Pourquoi est-ce important ? Des milliards de dollars seront dépensés pour élire Johnson ou Jeffries à la présidence de la Chambre, mais les publicités électorales ne refléteront pas cet enjeu. Ni l’un ni l’autre n’incarne une animosité partisane suffisamment forte pour servir de cible idéale dans les spots négatifs, expliquent les experts.

À la place, Trump figurera probablement en tête des attaques des démocrates, tandis que Mamdani, AOC, l’ancienne présidente de la Chambre Nancy Pelosi (D-Californie), l’ancienne vice-présidente Kamala Harris et même le gouverneur de Californie Gavin Newsom apparaîtront dans les publicités négatives républicaines.

Les rares mentions de Jeffries et Johnson dans les publicités

Une analyse d’Axios sur le site de suivi AdImpact révèle que seulement quelques publicités républicaines depuis janvier mentionnent Jeffries (D-NY). Par exemple, le candidat républicain Derek Merrin, dans l’Ohio, juxtapose la représentante Marcy Kaptur avec Jeffries et le sénateur Bernie Sanders, affirmant que le district « n’a pas besoin d’un autre politicien ».
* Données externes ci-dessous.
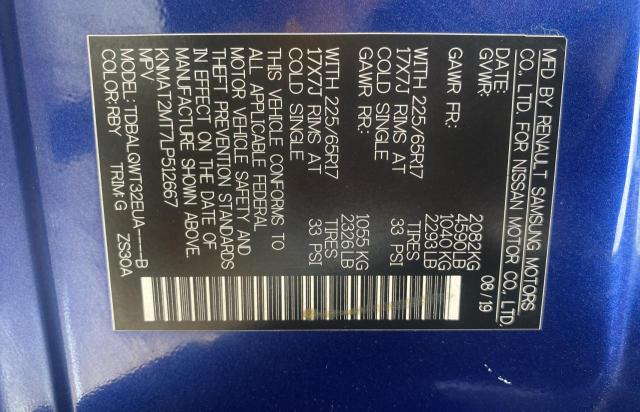 Aukcja sprzedaży 2020 Nissan Rogue S, vin: KNMAT2MT7LP512667, numer aukcji: 67948823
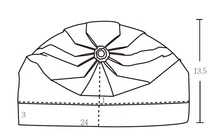 〈花式摺疊碗帽線稿〉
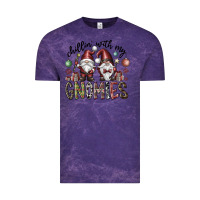 Cloud Purple Chillin With My Gnomies Vintage Tee - CowhideDigitalArt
Le Comité national républicain du Congrès (NRCC) a diffusé une publicité ciblant spécifiquement Jeffries, l’accusant de préparer un « Projet 2026 » pour « refaire l’Amérique » avec des politiques progressistes.

Côté démocrate, aucune publicité de cette campagne ne mentionne explicitement Johnson (R-Louisiane), selon Axios.

Jeffries au cœur d’un débat inattendu

Jeffries a malgré tout émergé dans le débat politique cette semaine, après que la représentante Jen Kiggans (R-Virginie) a été critiquée pour avoir répondu « Oui, oui » à un animateur radio suggérant que Jeffries devrait « retirer ses sales pattes de la Virginie ». Kiggans a ensuite nié approuver ces propos, précisant qu’elle ne les cautionnait pas. Elle est engagée dans l’une des courses les plus serrées du pays.

Trump, cible principale des démocrates

Trump est omniprésent dans les publicités démocrates, y compris celles visant d’autres démocrates dans les primaires disputées. House Majority Forward, l’organisation à but non lucratif liée au principal super PAC démocrate, évoque régulièrement Trump dans ses spots critiquant les républicains vulnérables sur les droits de douane, les coupes dans Medicaid et la hausse des prix.

Un stratège démocrate souligne que le parti a explicitement présenté Johnson comme le « vice-président de la Chambre », jouant un rôle secondaire par rapport à Trump.

Une stratégie historique

Les publicitaires politiques ont souvent recours à une tactique éprouvée : associer les candidats des districts clés à leurs leaders nationaux pour les discréditer. Nancy Pelosi en a été l’exemple parfait, devenant une cible privilégiée des républicains dès 2006, bien avant son premier mandat de présidente.

En revanche, Jeffries et Johnson, encore relativement nouveaux dans leurs fonctions, ont cultivé une image d’opérateurs discrets et consensuels, loin des figures les plus polarisantes de leurs partis.